Concretamente, sai ao caminho do nosso homem uma "musa" (a suíça Irène Jacob, ex-kieslowskiana) de natureza misteriosa e inexplicada. "A Vida Interior de Martin Frost" é uma fantasia romântica sobre a criação literária enquanto processo de confluência de mundos reais e mundos mentais, um pouco como um filme de Raul Ruiz mais austero na invenção de labirintos e mais (muito mais) parcimonioso no uso de bagagem referencial.

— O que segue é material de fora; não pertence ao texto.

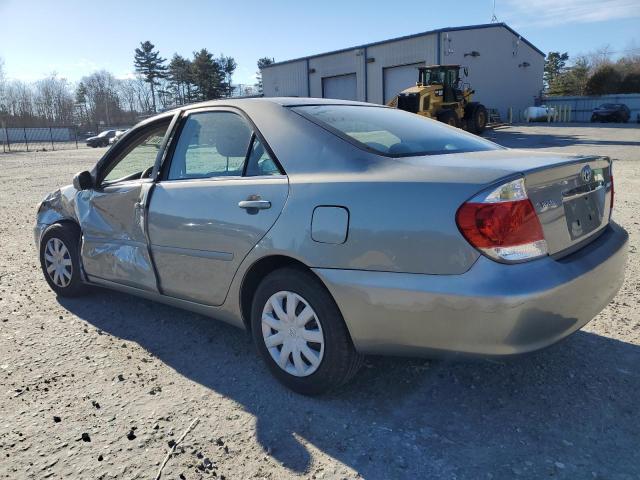 4T1BE32KX5U990774 - 2005 TOYOTA CAMRY LE SILVER photo 2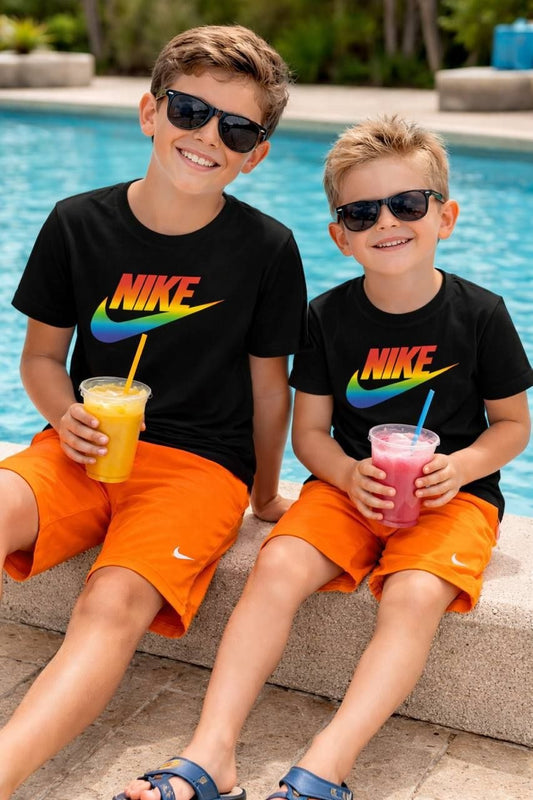 Nike Kids Gradient Logo Black T-Shirt and Shorts Set – Kids Boys/Girls (Ages 3 to 12)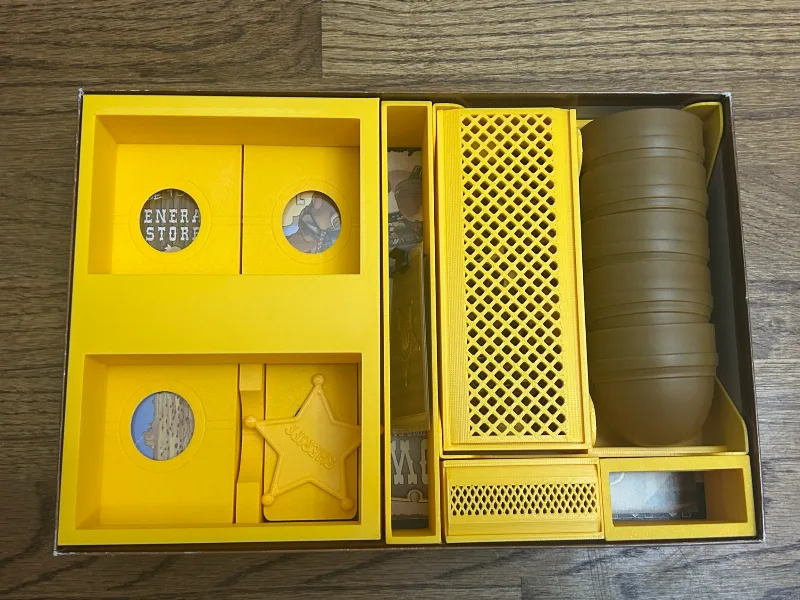 Dice Town 1st Edition Insert Sleeved no lid lift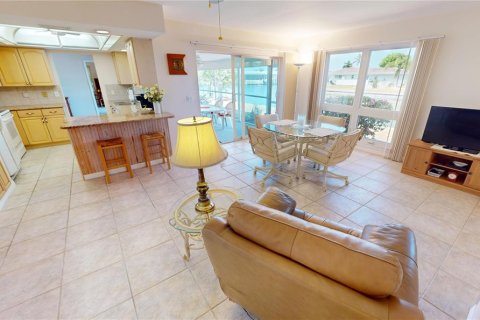 Villa ou maison à vendre à Punta Gorda, Floride: 3 chambres, 188.22 m2 № 1534233 - photo 7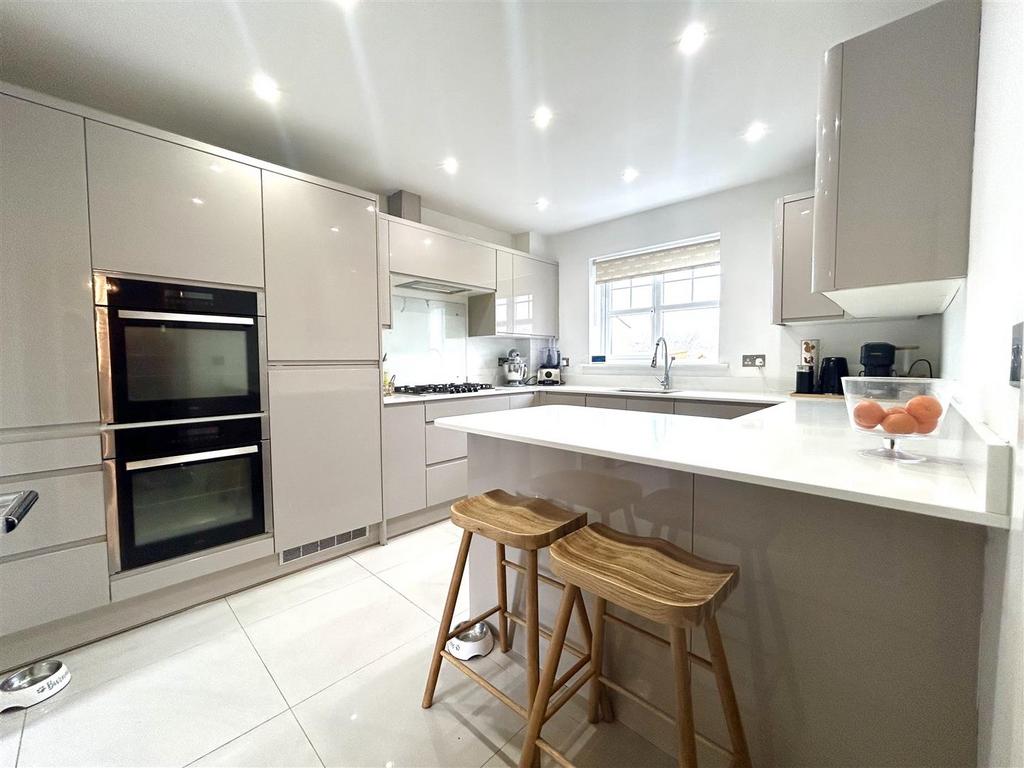Kitchen v1.jpg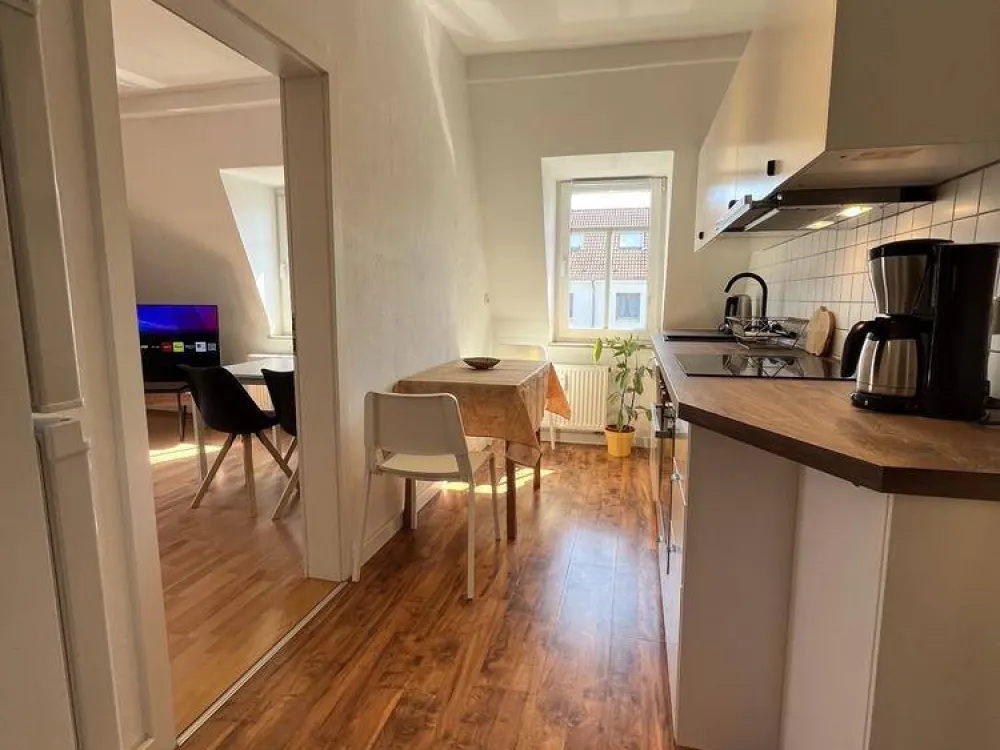 26193 HomeCompany Dresden Möbliert/Furnished 2-Zimmer Apartment mit Balkon in Dresden-Leuben max. 4 Personen
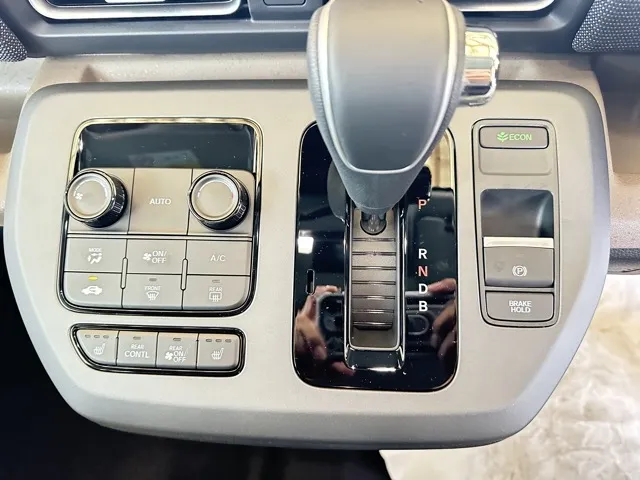 フリード(ホンダ)e：HEV エアー EX ６人乗登録済未使用車 21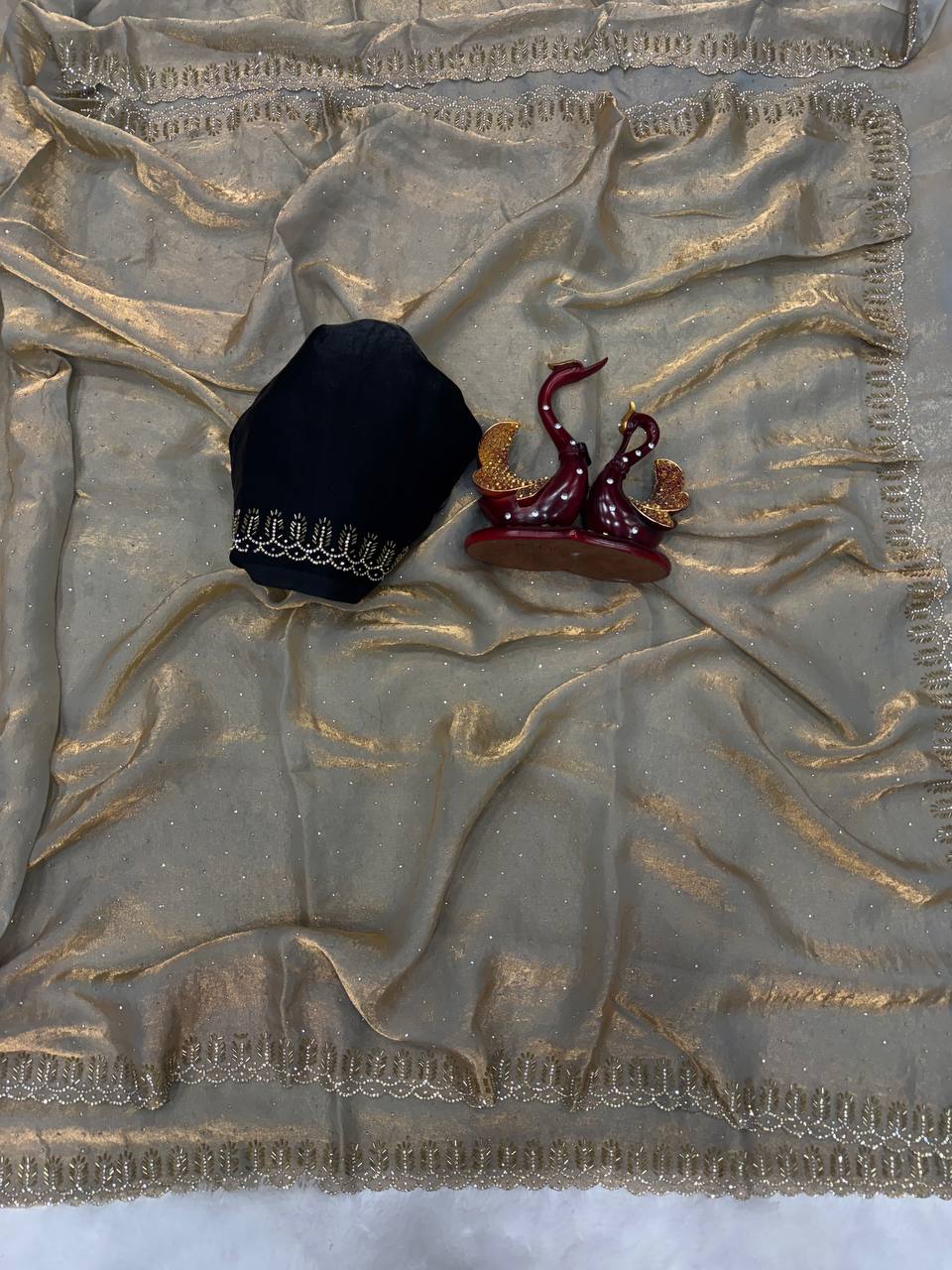 Premium Organza Saree with Pearl Butti & Embroidered Scalloped Border – 6 Color Options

Uma bonomia consciente da sua irrelevância é só o que parcialmente o redime, porque "A Vida Interior de Martin Frost" é bastante fraco - "mise-en-scène" banalíssima (e com uma moleza de telefilme), personagens sem força nem presença ( justamente o que Auster melhor conseguira em "Lulu on the Bridge"), uma inconsequência resolvida a golpes de desesperada irrisão (a meia-hora final, a partir da chegada de Michael Imperioli). Nem o texto nem os diálogos, nem sequer a narração "off" (bastante convencionalmente empregue) conseguem redimensionar seja o que for. Não será por isto que nos lembraremos de Paul Auster e, como dizia a crítica Manola Dargis no "New York Times"(ao que parece para grande irritação do escritor), "quanto menos se falar deste filme melhor".